The beach didn’t have the ivory cast I remembered; it was more a washed-out gray under a sickle moon. I knocked at the cottage door and she seemed stunned to see me. The lustily lashed dark eyes were a little hurt.

“Nathan…I asked you not to come here.”

My straw fedora was in hand. “I know, Marjorie. I apologize. But you’re the only person I can think of who can help me….”

She began to close the door. “I told you before, I can’t be helpin’ you.”

Like the Fuller Brush man, I put my foot in the door. “Please. I’ll only stay a little while.”

“If Lady Eunice sees you…”

“She and her daughter are having dinner this evening, at the British Colonial. A sort of meeting of truce.”

She looked doubtful. “How do you know?”

I risked a smile. “I arranged it.”

Her smile seemed both wary and weary. She shook her head. “All right, Nathan. Come in. But don’t sit down.”

I stood in the neat-as-a-pin cottage, taking in the familiar sight of fresh flowers in a bowl at the round table, where a paper-covered book was open, facedown: Lost Horizon.

“I need to ask you a couple of things.”

She stood with arms folded, chin up, slightly; she wore the blue maid’s uniform. “All right.”

“Do you know anything about Sir Harry having a gold coin collection?”

She blinked, cocked her head. “Sir Harry had some gold coins, yes.”

“A lot of them?”

“Well…he had a little strongbox.”

“Like a pirate’s chest?”

She nodded. “But smaller.”

“Did he keep it locked away? In a…wall safe or something?”

She shook her head no. “He had a padlock on the chest, but Sir Harry, he kept it right out in the open; it was in his study, sittin’ on a bookshelf.”

“How do you know there were gold coins in that chest?”

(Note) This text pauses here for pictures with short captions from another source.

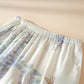 Floral Butterfly Bamboo Fiber Women's Pajamas - image 10
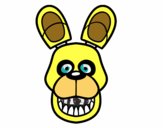 Golden Freddy de Five Nights at Freddy's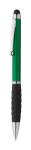 Stilos touch ballpoint pen Green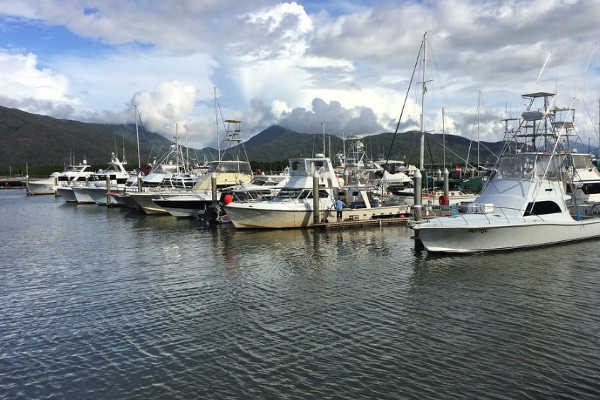Cairns Marlin Marina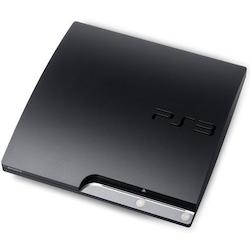 Console PS3 Slim usata Garanzia 1 anno colore Nero (solo console no accessori)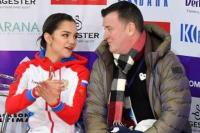 Канадский тренер Медведевой Орсер не приедет на финал Кубка России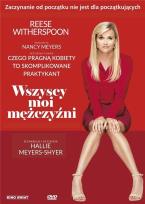 Okładka książki Wszyscy moi meżczyźni DVD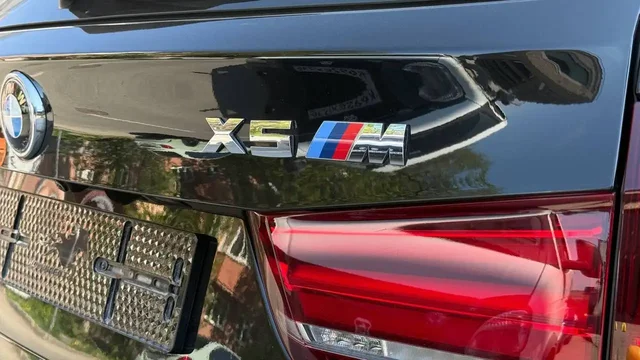 BMW X5M 2016 - Микроавтобусы в Москва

She shrugged, almost casually. “I saw him once, counting them in his study.”

“Counting them?”

“Yes…he’d been drinkin’. Drinkin’ too much. Gold coins, they was scattered all over his desk. He was makin’ little stacks of them. Little strongbox open at his feet.”

“That’s the only time you ever saw any coins.”

“Yes.”

It was possible other servants had, from time to time, seen that chest of gold, open; or that Harry, in his cups, had opened it to show, to friends. So word about his cache of coins could easily have spread….

“Has Lady Oakes said anything about the chest being missing?”

“No. Come to think, I…I don’t remember seein’ it on the bookshelf, though.”

“I don’t suppose you could ask her….”

“No.”

Well-I could have Nancy check on that.

“Marjorie-do you think that Sir Harry could have been the victim of voodoo? Or…what is the other term?”

“Obeah,” she said.

“Right. Or a victim of that.”

She motioned me to the table, where I sat. She went to the stove and got me a cup of tea.

“Obeah is not voodoo,” she said. “It’s the practice of Bahamian magic.”

“That sounds like voodoo to me.”

She put the cup before me, then got herself one. “Obeah is part African, part Christian-a mixture.”

“That also sounds like voodoo.”

“But it’s not a religion, Nathan.” She sat across from me. “It’s a way to cure sickness, or for a farmer to protect his crop from theft or the bad weather, a way to get success in business, or love…”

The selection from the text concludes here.